La Naturaleza y sus leyes -la gravedad, la respiración, la absorción de energía solar y la interdependencia entre todas las especies- es un libro que se lee en la observación. La contemplación es condición del conocimiento. ¿Los libros de ciencias naturales reemplazan la sensación del cálido Pampero? Ver un huerto crecer es tan poético como posible, como convivir, criar y comer animales sin crueldad y con respeto. ¿Sabemos hacerlo? ¿Sabemos subsistir en la Tierra sin el mercado como intermediario?

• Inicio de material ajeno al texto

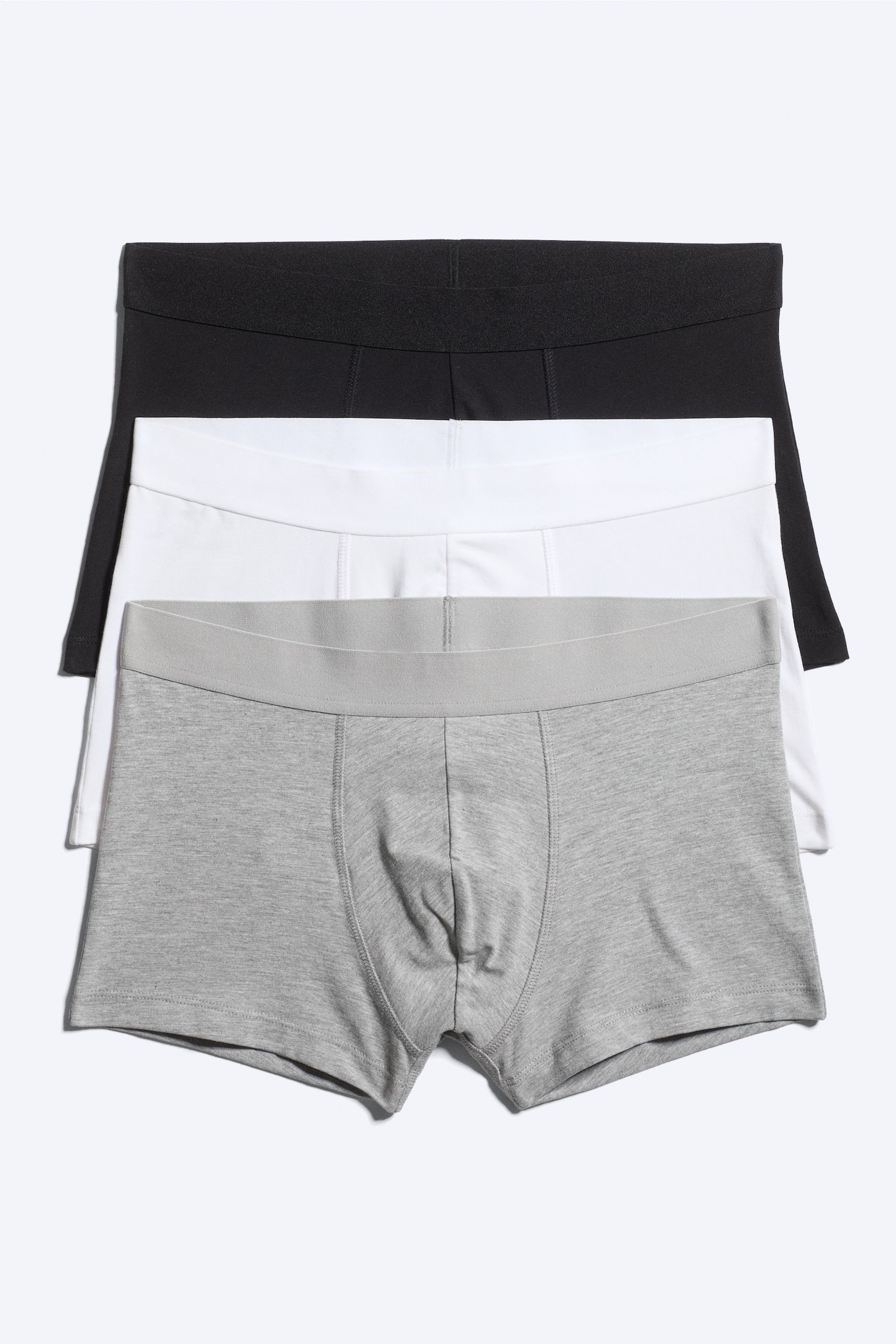 Ett trepack boxer briefs visar tre par i svart, vitt och grått, arrangerade i en överlappande stapel vända mot framsidan. Varje par har en bred, ton-i-ton resårmidja och en formad frontficka med vertikala sömmar.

Estas leyes de la vida incluyen los ciclos, el brote, el árbol, el fruto, la putrefacción y la transformación de lo que cae sobre el suelo en nueva vida. Ser semilla, germinar, desarrollarnos, madurar, decaer y morir. Es la vida. Morir también es vivir. La muerte es el eslabón sin nombre de lo que nos perturba. Y en ese escaparate sin fin, no elegimos como vivir, ni cómo morir, ni qué es el amor.
La transformación que sugiere el momento es de un abismo intergeneracional, interdisciplinario, intercultural, hasta interideológico. El planeta, ese punto azul agua en el infinito cosmos, está viendo ser aniquilada toda su belleza. Como mujer hermosa, la Pacha abusada por un pensamiento lineal. Basta es basta.